[CMake] Using CMake/CPack for code provenance

Tue Mar 30 08:52:21 EDT 2010

On 30. Mar, 2010, at 13:38 , Biddiscombe, John A. wrote:

> We have a project where the data generated is very large and too costly to store permanently, so we'd like to be able to
> 
> 
> a)      Tag the source code used when the run is initiated using the SCM (svn/git etc)
> 
> b)      Automatically store all the user configured CMake options (using cmake CONFIGURE_FILE or something like that to generate a file with all the user selected options
> 
> c)       Automatically copy all input files (initial boundary conditions etc) into a particular  location alongside the generated settings from b), {user data will be set via cmake options as in a)}
> 
> d)      Run CPack to archive up all the source code, initial conditions data, other generated files, user configured options into a tarball which can then be stored in a permanent archive so that...
> 
> e)      in theory we can untar the package and essentially recreate the complete build/environment when the simulation was run and reproduce the data rather than storing it should the need ever arise. (of course the compiler may not be available in N years, but if most of the flags/settings are stored we can do our best to ensure that all is reproduced - have to draw the line somewhere.
> 
> Has anyone done anything similar to this, and if so, are there any things I need to watch out for that I haven't considered. Are there any projects out there that already do something similar that I can get some tips from?
> 
> thanks
> 
> JB

Not sure CPack is the right tool for this... I'd go with custom scripts that are triggered by a custom target.

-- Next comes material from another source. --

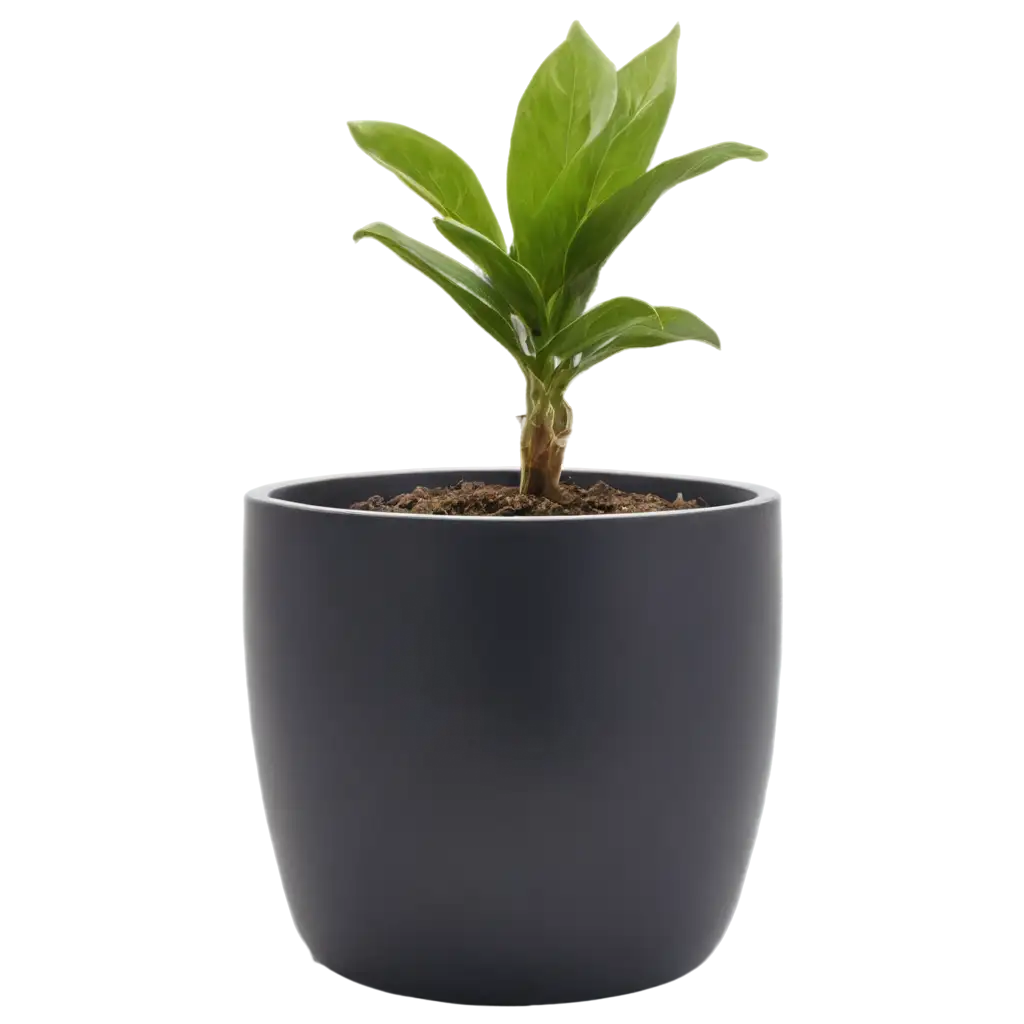 SelfWatering-Plant-Pot-PNG-Innovative-Gardening-Solution-for-Modern-Homes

I'm doing similar things by managing input files and source code with git (tagging known states is very useful, obviously), but so far I didn't worry about build settings. Perhaps you could use a cache-initialization script (refer to the docs of the -C option) which you can manage along with the code and the input files. Of course, you have then to somehow ensure/trust that people don't modify the cache, but modify the cache initialization script instead, remove the build-tree and rebuild from scratch. Another option would be to include code in your CMakeLists.txt files to automatically write such a cache-initialization script which one can then use to reproduce the build.

I don't think it is too useful to store specific compiler information though, because then you have to ensure that the versions of the compiler, all required libraries (including standard libraries), operating system etc. match. After all, there might be a new bug in the compiler, or a bug fix which changes the results. For complete reproducibility you'd have to archive the whole OS plus hardware, which in your case is probably out of the question ("Excuse me, do we have some spare shelf-space for a Cray XT5 somewhere around here") ;-)

Michael